When using distributed machine learning (ML) systems to train models on a cluster of worker machines, users must configure a large number of parameters: hyper-parameters (e.g. the batch size and the learning rate) affect model convergence; system parameters (e.g. the number of workers and their communication topology) impact training performance. Some of these parameters, such as the number of workers, may also change in elastic machine learning scenarios. In current systems, adapting such parameters during training is ill-supported. In this talk, I will describe our recent work on KungFu, a distributed deep learning library for TensorFlow and PyTorch that is designed to enable adaptive and elastic training. KungFu allows users to express high-level Adaptation Policies (APs) that describe how to change hyper- and system parameters during training. APs take real-time monitored metrics (e.g. signal-to-noise ratios) as input and trigger control actions (e.g. cluster rescaling or synchronisation strategy updates). For execution, APs are translated into monitoring and control operators that are embedded in the dataflow graph. APs exploit an efficient asynchronous collective communication layer, which ensures concurrency and consistency of monitoring and adaptation operations.
[This work has appeared at USENIX OSDI 2020.]
Peter Pietzuch is a Professor of Distributed Systems at Imperial College London, where he leads the Large-scale Data & Systems (LSDS) group (http://lsds.doc.ic.ac.uk).

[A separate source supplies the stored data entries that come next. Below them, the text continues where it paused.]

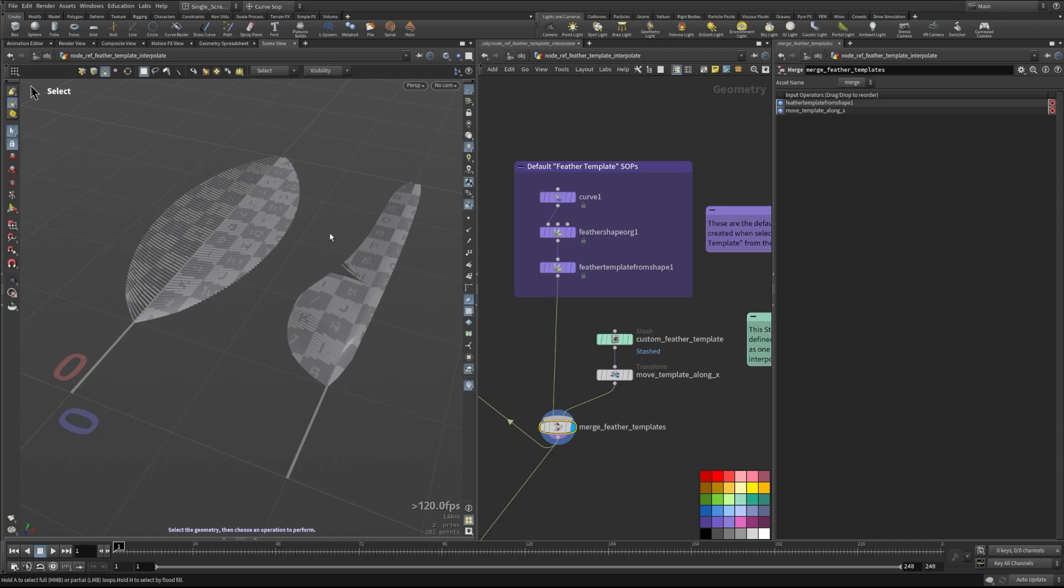So this node, just like it sounds, actually takes different feather templates that we've created and allows us to blend between them across the guide curves that we input to this node. So let's take a look a little closer at how this works.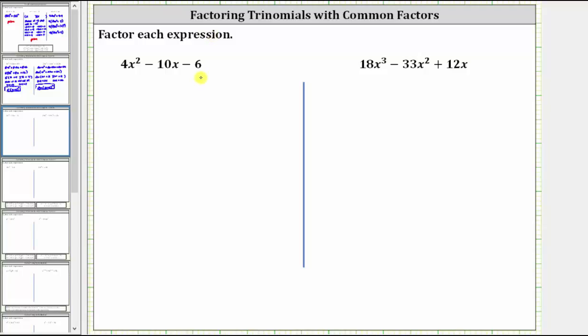We are asked to factor each expression completely. Remember, the first step in any factoring problem is to factor out the greatest common factor. The first expression is four x squared minus 10x minus six.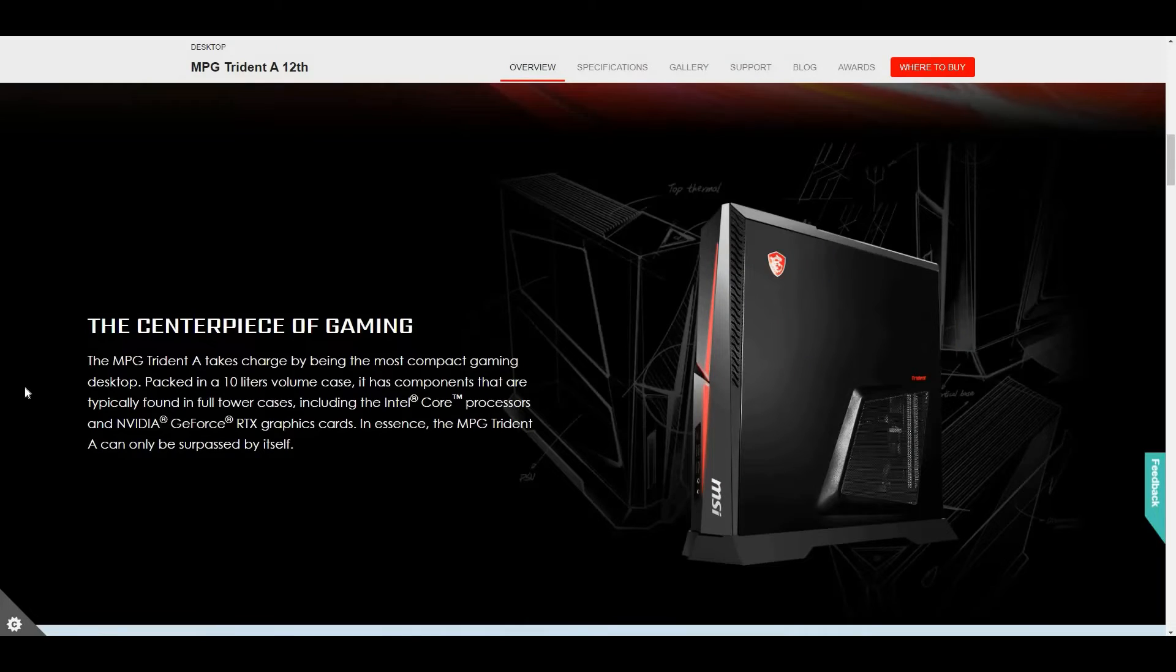I'm going to show it in my room with my free cam, featuring MSI's latest called MPG Trident A12. So let's go to the free cam.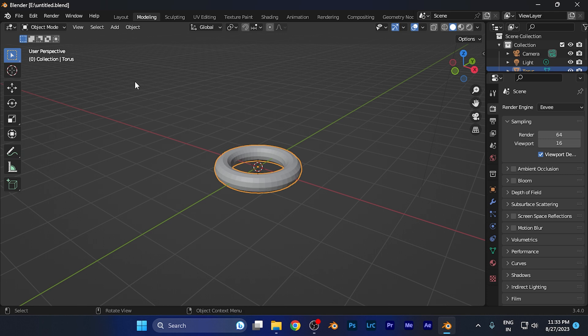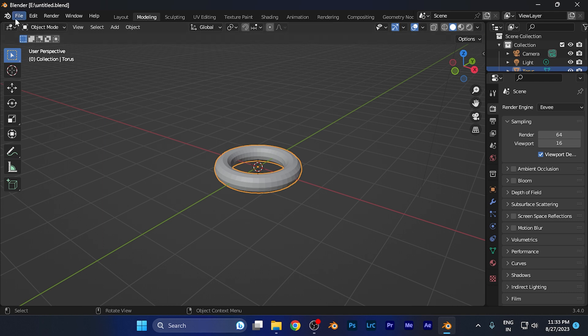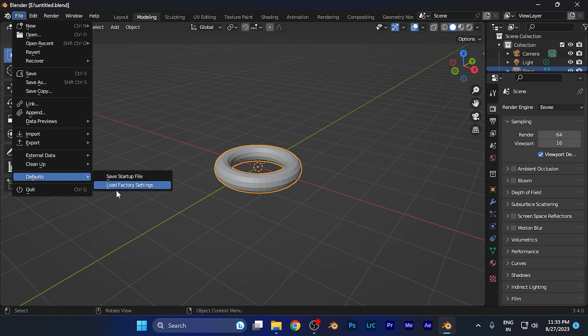To reset all the settings and hit factory data reset, simply click the File button in the left top corner. Click there and you'll find the Defaults option, the second-to-last option in the window that pops up. Hit the Defaults button and you'll find the option to Load Factory Settings.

His research work focuses on the design and engineering of scalable, reliable and secure large-scale software systems, with a particular interest in performance, data management and security issues. He has published papers in premier scientific venues, including OSDI/SOSP, SIGMOD, VLDB, ASPLOS, USENIX ATC, EuroSys, SoCC, ICDCS, DEBS, and Middleware. Currently he is a Visiting Researcher with Microsoft Research and serves as the Director of Research in the Department, the Chair of the ACM SIGOPS European Chapter, and an Associate Editor for IEEE TKDE and TCC. Before joining Imperial College London, he was a post-doctoral Fellow at Harvard University. He holds PhD and MA degrees from the University of Cambridge.